Jarrell: The young man in the crimson coal leveled his gaze across a guitar, hunched his shoulders, and gave a suggestive wiggle to his hips. His voice was drowned in the roar of a thousand or more virginal voices, screaming at a fever pitch...A sea of emotion rolled away with a vast sigh, and Elvis Presley stood exposed like a shoreline at ebb tide.

Swift: the boy obviously bumps and grinds. He sings too, but his audience couldn't hear him because of ecstatic screaming form teen ager girls. He hardly touched his guitar. Mostly, he rassled the microphone from one end of the stage to the other. He skittered, twisted, jerked and shuffled his white suede shoes.

Unfair Critics

Skelly: Some unfair critics have said Presley moves his knees and thighs too much (and what did Charlie Chaplin do to get a laugh? Doesn't Jackie Gleason move his stomach now and then for the same?) I say go ahead, rock n roll, this is funny.

Jarrell: Here was an entertainer...(with)...a new twist to the ancient art of burlesque...with an appeal not to men but to women. The Presley invitation is...something better left somewhere else.

Swift: Presley sweated fiercely. He took off his coat and loosened his white tie. Everybody hollered. Presley grinned, pointed to the front row and bumped a wicked bump. Everybody whooped. Backstage, he watered down to a mild-talking hillbilly guitar player who called a male reporter "sir" and a "female reporter "honey." He spoke quietly answered questions politely, admitted he didn't know much about world affairs.

All Laughed

Skelly: Presley chatted with three boys in the band and they all laughed and Presley chuckled. I saw him-and so did seven policeman including several high ranking ones in the best seats. One of them at least didn't think Presley was funny.

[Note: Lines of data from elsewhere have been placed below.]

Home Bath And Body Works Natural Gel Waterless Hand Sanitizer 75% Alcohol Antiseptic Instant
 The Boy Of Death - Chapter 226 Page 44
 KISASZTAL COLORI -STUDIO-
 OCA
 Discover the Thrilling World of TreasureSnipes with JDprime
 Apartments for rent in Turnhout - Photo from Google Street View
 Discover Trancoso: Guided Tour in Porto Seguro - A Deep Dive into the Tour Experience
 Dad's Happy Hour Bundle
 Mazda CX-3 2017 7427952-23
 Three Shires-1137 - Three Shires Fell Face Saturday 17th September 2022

Jarrell: With the exception of Presley, the show was of a caliber well worth the $1.50 admission. Recommended to any parent who accompanies teenage daughters to the theater and whisks them away in the final 15 minutes, when Presley comes on. Ray Brankey was superb with his rendition of "Hot Lips" and "Sugar Blues" a la Henry Busse. Comic Phil Maraquin coughed up a million golf balls. Vocalist Nancy Ford was sweet and charming. Irish tenor Frankie Conners was in excellent voice. He did not wiggle, however. The Blue Moon Boys, Bill Black, D. V. Fontana and Scotty Moore made a background of solid music. Fortunately....Presley is not brought on stage until these excellent acts have been presented.

Swift: He's two people. On stage, a grinning, frenzied upstart, puppet moving on rhythmic strings with a calculated aim of creating emotion in the adolescent audience. Backstage he's a smooth, mannerly young man. Anyway, the guy drives a bigger car than most of the people who watched him... and that, in the age of rock 'n roll is apparently the sign of success.